Drivers unhappy with roaming cattle

Free-roaming livestock are raising the ire of motorists in the Komani area  Picture: BHONGO JACOB
Free-roaming livestock are raising the ire of motorists in the Komani area Picture: BHONGO JACOB

HERDS of free-roaming cattle in the Komani area have raised the ire of locals, who say the animals pose a danger to motorists.
Several residents have approached The Rep, expressing concern over the large number of livestock – many unattended – roaming the area.
Resident Malixole Khoboni said commuters often had to wait for cows to cross the road.
“At times you find cars waiting for the cattle to pass,” Khoboni said.
“It is not good, particularly in the morning, because people might be late for work.”
A resident, who did not want to be named, said the livestock was a major problem in the Sandringham residential area.
“Action has to be taken before something bad happens.
“Accidents have happened as a result of cattle wandering the streets. I do not have a high wall and they just come into my yard. It is time our leaders wake up and realise this is an urban area and there are rules people have to abide by.”
Caltex garage manager Andre Bester said the problem had a negative impact on businesses in the area.
“We have reported this several times to the traffic department and nothing has been done.
“Every morning and afternoon the cattle disrupt the traffic,” he said.
Resident Thabo Vali said this was a sign of disrespect by citizens. “This is a serious problem. We wake up with cows sleeping on our lawns and it is a danger to cars, especially on the N6. We spoke to our councillor but we do not know what is happening.”
A herdsman, who did not want to give his name or the details of his employer, said: “When I was asked to look after the cattle I accepted. They do not cause problems all the time, only when they cross the street. People must stop hooting at us as if it’s a crime.”
Community Police Forum community relations officer Tim de Jongh says there have been a number of accidents involving livestock on the roads.
“It is unlawful to allow livestock to roam in an urban area. It is extremely dangerous, especially at night, as drivers are not expecting livestock on public roads and definitely not in town. I get calls on a regular basis to have the livestock removed.”

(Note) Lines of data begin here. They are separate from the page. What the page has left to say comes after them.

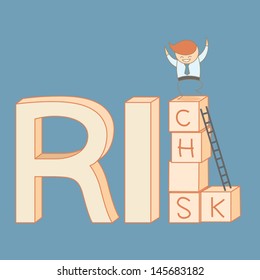 business man climb from risk to rich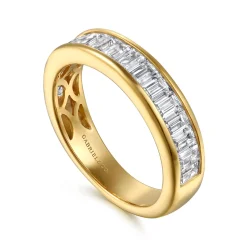 Sale Gabriel & Co. 14K Yellow Gold Channel Baguette Diamond Anniversary Band - 1.3 ct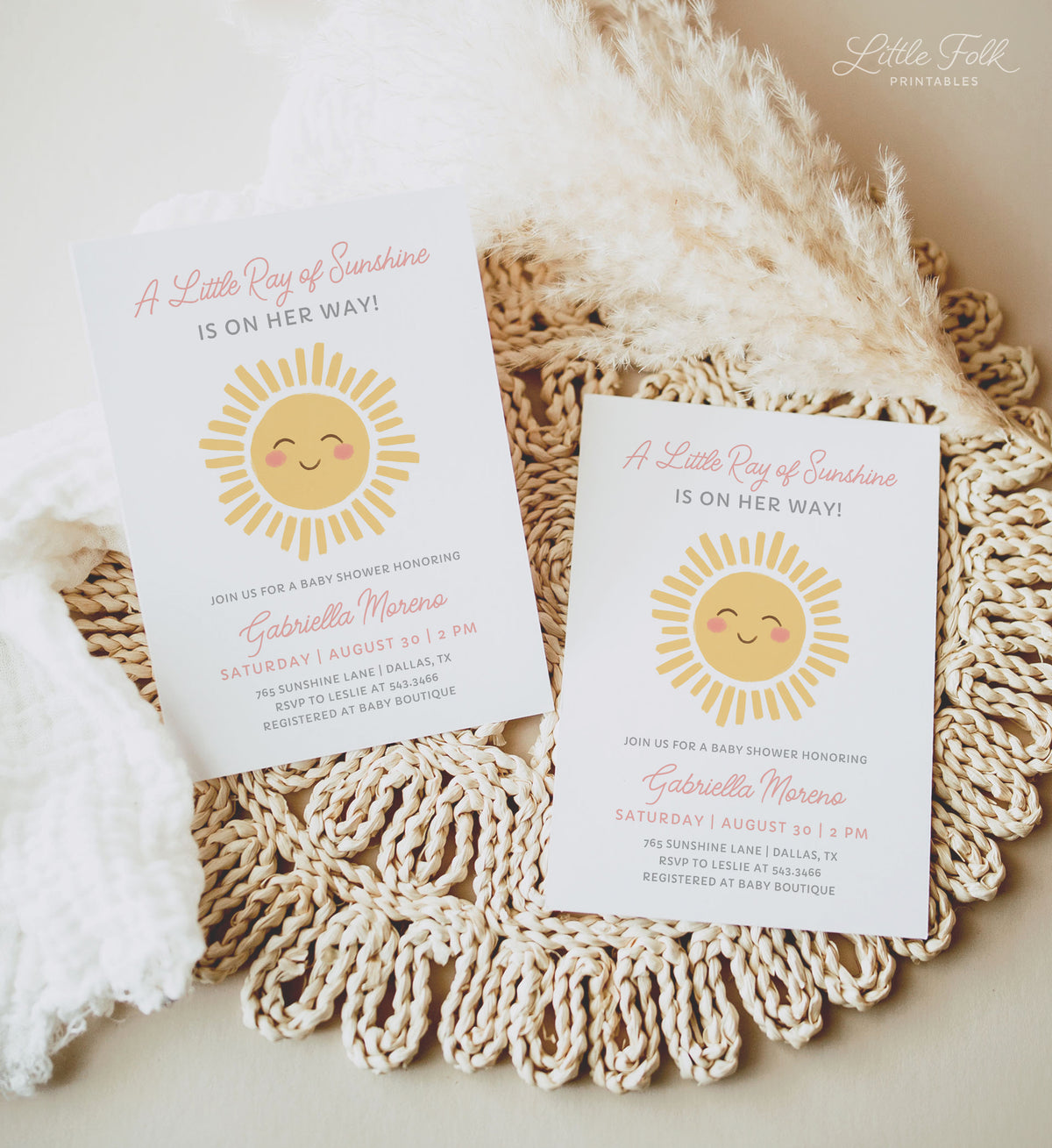 Little Sunshine Baby Shower Invitation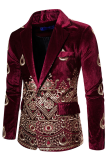 Burgundy Fashion Embroidery Patchwork Buttons Turn-back Collar Outerwear
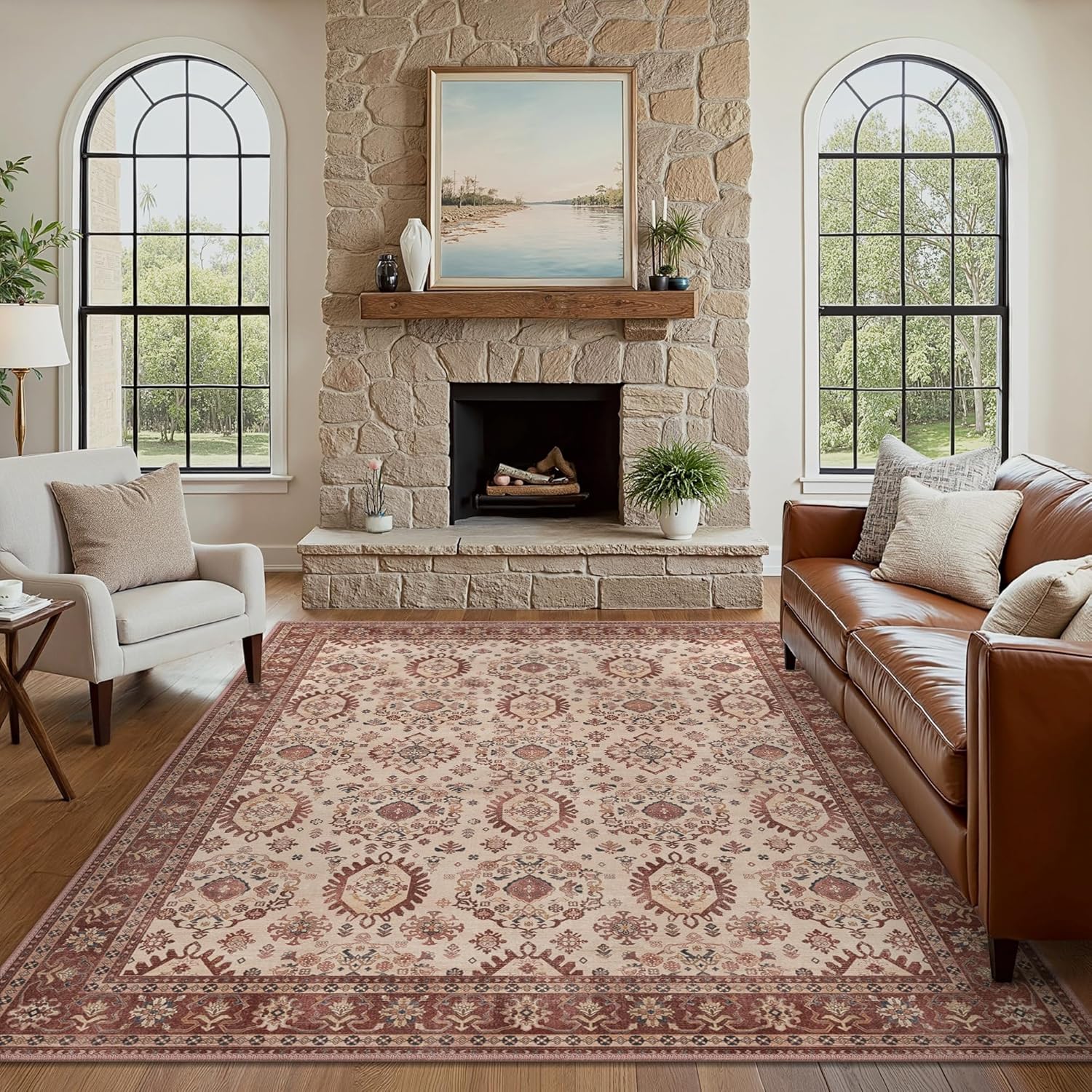 8x10 Area Rug Machine Washable Boho Rug for Living Room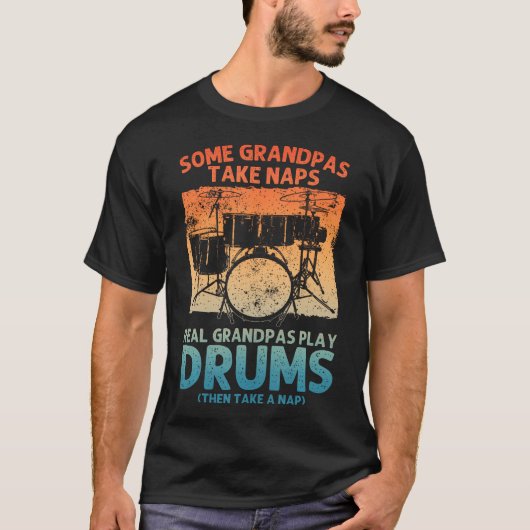 おじいちゃんのドラム奏者のための面白いアート Tシャツ (正面)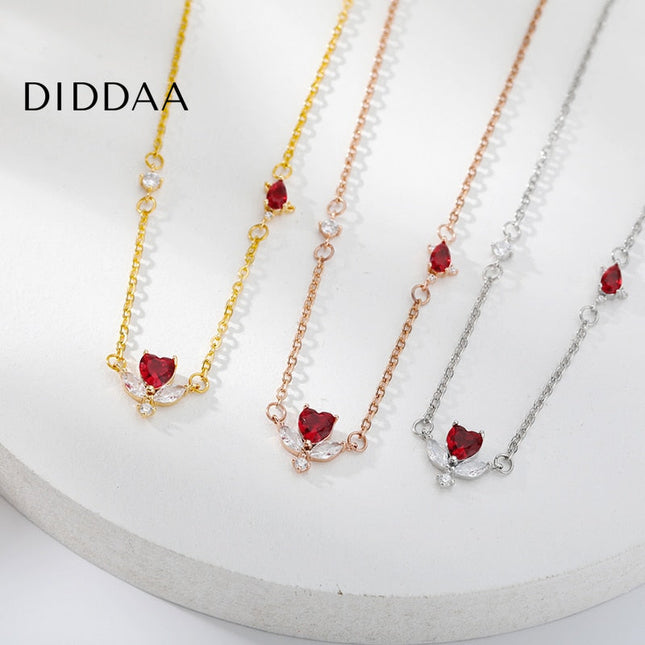 Loving Necklace | Gold Red Stone Zirconia Minimal Chain - Silver - Necklaces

Enoch Mgijima spokesman Fundile Feketshane said: “In urban, peri-urban and rural areas there is general control on animals so that they do not disrupt the environment.
“Kraals are built, dipping tanks and their grazing land is fenced as normal and according to generic standards [sic].”
He said it was “sometimes unfortunate” that such animals went astray without being monitored, resulting in accidents.
“Our municipality endeavours to encourage their owners to keep a closer check on them.”